_Description of the task:_ Return the listing exactly. Keep no pictures.

_Raw data:_
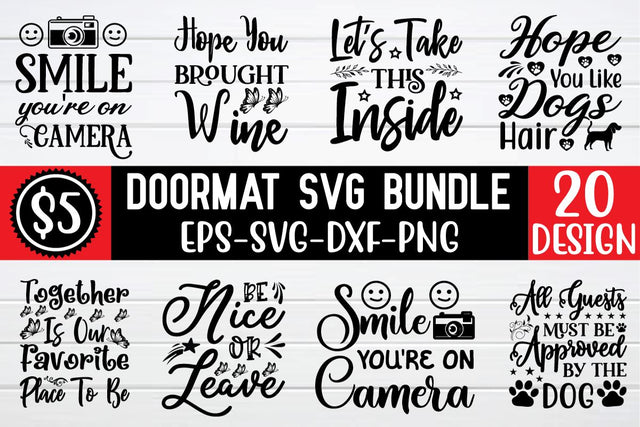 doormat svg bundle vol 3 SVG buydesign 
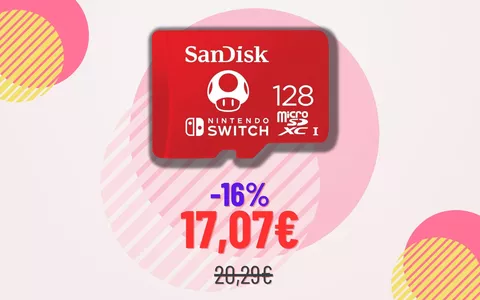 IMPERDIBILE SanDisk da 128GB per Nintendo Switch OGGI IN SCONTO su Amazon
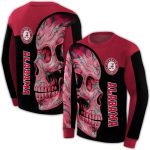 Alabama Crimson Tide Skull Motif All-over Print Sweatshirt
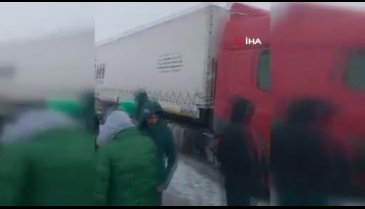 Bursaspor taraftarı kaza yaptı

_Solution for this task:_
 doormat svg bundle vol 3 SVG buydesign 
 IMPERDIBILE SanDisk da 128GB per Nintendo Switch OGGI IN SCONTO su Amazon
 Alabama Crimson Tide Skull Motif All-over Print Sweatshirt
 Bursaspor taraftarı kaza yaptı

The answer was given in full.